We start by creating a new project, which will hold our images and trained models, by clicking on the green ‘plus’ icon. We will set the project visibility to Public, the name to nuclei segmentation, set the annotation type to Instance Segmentation, and set a single category nucleus. If you have multiple categories, you can add more.
To upload the images to our project, we go to the data tab and click on the green ‘plus’ icon. We select the images we’d like to upload and click upload. In this example, we will upload 197 images of microscopic images from the BBBC039 dataset.
Once we have uploaded the images, we start labeling. By clicking on an image, you enter the labeling editor. For labeling instances, we provide two tools: the paintbrush and the polygon tool. Depending on the use case, one might be preferred over the other one. In the example below, you can see both paintbrush and polygon in action. You can increase the paintbrush size by scrolling up or down. To confirm an instance, press the SPACE bar. Note that if you have multiple object categories, you need to set the right category using the drop-down list on top before confirming. Once finished labeling the entire image, you can use the arrow keys on top to go to the next image or select a specific one in the carousel at the bottom.

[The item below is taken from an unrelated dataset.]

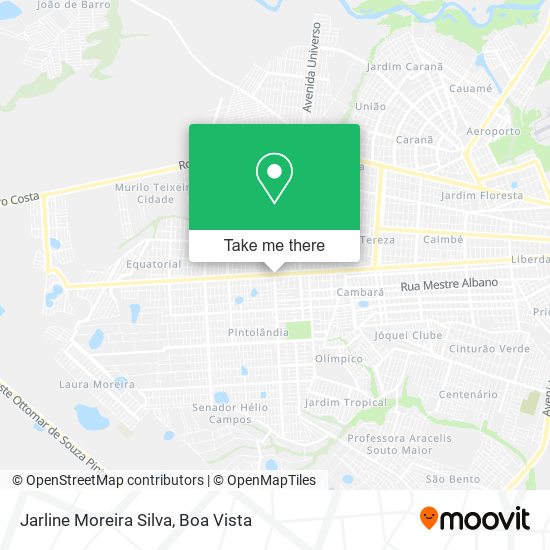 Jarline Moreira Silva map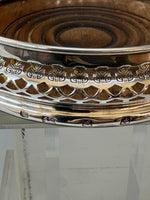 Load image into Gallery viewer, Sterling Silver Pierced Wine Coaster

Once we have labeled around 50 images, we start training the first YOLOv8 segmentation model. This way, we can accelerate the labeling of the other images using model-assisted labeling.
Once you have labeled enough images, you can start training your YOLOv8 model. While you can train both locally or using cloud providers like AWS or GCP, we will use our preconfigured google Colab notebooks. Therefore, we go to the model's tab and choose the YOLOv8 notebook by clicking on the green ‘plus’ icon.
This will open our preconfigured notebook for YOLOv8 instance segmentation. We fill in our API key (which you’ll get by clicking on your avatar next to your username) and our project name. We leave the other parameters to their default values and start the training session by clicking on “Runtime” => “Run all”. This will download your dataset, start training a model and upload the trained model to our platform.
After training, you can see the first version added to the model’s tab. It has a mask mAP@.5 of 0.921 and a mask mAP@.5-.95 of 0.62.
We can now use our first trained model as a labeling assistant, using so-called model-assisted labeling. Each time you add a new model (version) to your project, this latest version will be used as the labeling assistant. Instead of labeling an image from scratch, you now only need to verify or correct the model predictions. This dramatically speeds up the labeling process.
To use the labeling assistant, click on the magic paintbrush icon in the left menu. This will load the model predictions. Next, adapt or remove unwanted instances using the paintbrush or polygon tool. Note that you can set the brush (and polygon) on erase mode.
After labeling more images using the model-assisted labeling approach, we trained another version, this time on all 197 images. As can be seen below, the mask mAP@.5 increased from 0.921 to 0.939, and the mask mAP@.5-.95 increased from 0.62 to 0.65.
Once you have labeled more images, you can train more versions and change the hyperparameters like image size, model type, etc. to optimize your model. Have fun training models!